Die blu­tige Irr­fahrt ins Unge­wisse als letzte Mög­lich­keit noch frei leben zu können, die Chants Haupt­fi­guren antreten, ist inspi­riert von der wahren tra­gi­schen Geschichte zweier rus­si­scher Jugend­li­cher, die schwer bewaffnet ihre Flucht für jeden sichtbar im Internet per Live­stream zeigten. Die Tat wurde 2016 zum inter­na­tio­nalen Medi­en­er­eignis. Die der Geschichte inne­woh­nende Medi­en­re­fle­xi­vität der Ereig­nisse lässt Chant an meh­reren Stellen seines Films ein­fließen und schafft es so, ein Gene­ra­tio­nen­por­trait über die rus­si­sche Gene­ra­tion [Z] zu erzählen. Saša und Danny kennen das System nicht mehr, in dem ihre Eltern auf­wuchsen. Dessen Zer­fall erlebten sie nicht, sie sind Kinder von Putins Russ­land. Die beiden ver­kör­pern eine Jugend, die von ihren Eltern nicht ver­standen werden kann, nicht ver­standen werden will. Es han­delt sich dabei um DEN Topos des rus­si­schen Art­house-Kinos der letzten Jahre. Hier tritt die (noch-SU-sozia­li­sierte) alte Gene­ra­tion gegen die neue (post­so­wje­tisch auf­ge­wach­sene) Gene­ra­tion an. Es sind Tra­di­tionen von Repres­sion, Gewalt und Bevor­mun­dung, derer sich das Duo zu ent­ziehen ver­sucht und so suchen sie sich einen Platz außer­halb dieser Gesell­schaft. Sie maro­dieren durch die Stadt, erregen öffent­li­ches Ärgernis durch Dieb­stahl und Van­da­lismus (auch ein Kon­terfei Putins wird ganz bei­läufig über­malt – eine Aktion, die schon im Juni 2022 undenkbar ist; im Kino UND in der Rea­lität). Dabei flammt immer wieder eine uner­bitt­liche Gesell­schafts­dia­gnostik auf.

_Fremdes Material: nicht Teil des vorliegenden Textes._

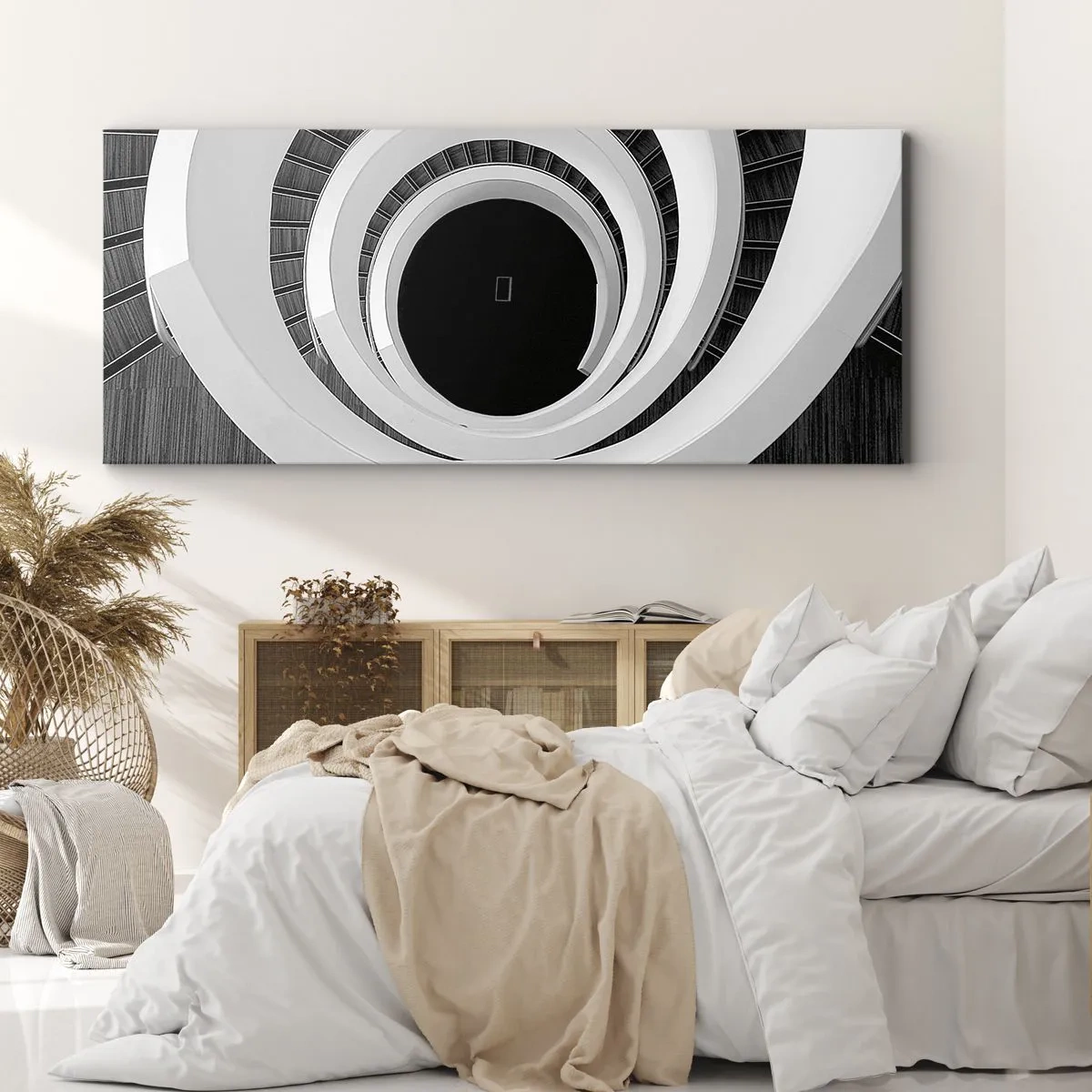 Impression sur toile - Image sur toile - Escalier en colimaçon noir et blanc de style moderne - 140x50cm - Les choses concrêtes - Décoration murale moderne pour le salon et la chambre ARTTOR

Es scheint, als haben sich die Men­schen damit abge­funden, in Unglück, Armut und Repres­sion zu leben ohne auch nur ein Anzei­chen der Auf­leh­nung gegen die Ver­hält­nisse. Dem Regis­seur gelingt es, die Hoff­nungs­lo­sig­keit dar­stellbar zu machen, die im Abschieds­brief des 2016 beim Sturm ihres Ver­stecks durch die Polizei ums Leben gekom­menen jungen Paars erklingt: „Ich habe Dich geliebt, aber Du hast nicht bemerkt, dass Du meinen Ver­stand und mein Leben rui­niert hast.“

 

Mit In Limbo beweist Alex­ander Chant, dass die jugend­liche Rebel­lion im Kino nie­mals wirk­lich aus­er­zählt ist und ver­steht es, ihr wei­tere Facetten hin­zu­zu­fügen. Nicht zuletzt mit dem Ver­weis auf die wahren Hin­ter­gründe der Geschichte zeichnet der Film das gleich­zeitig schrille und düs­tere Bild einer ver­rohten Gesell­schaft, die einen Strudel aus Gewalt und Gegen­ge­walt her­vor­bringt, in der Kinder zu Bluttäter_innen werden und die der Wirk­lich­keit gar nicht so unähn­lich ist. Lohnt sich in einer sol­chen Gesell­schaft der Moment des Auf­leh­nens, der Revo­lu­tion? Oder ist sie dazu ver­dammt, im Kugel­hagel zu enden?

 

Chant, Alek­sandr A.: Mežsezon’e (In Limbo), Russ­land, 2021, 110 Min.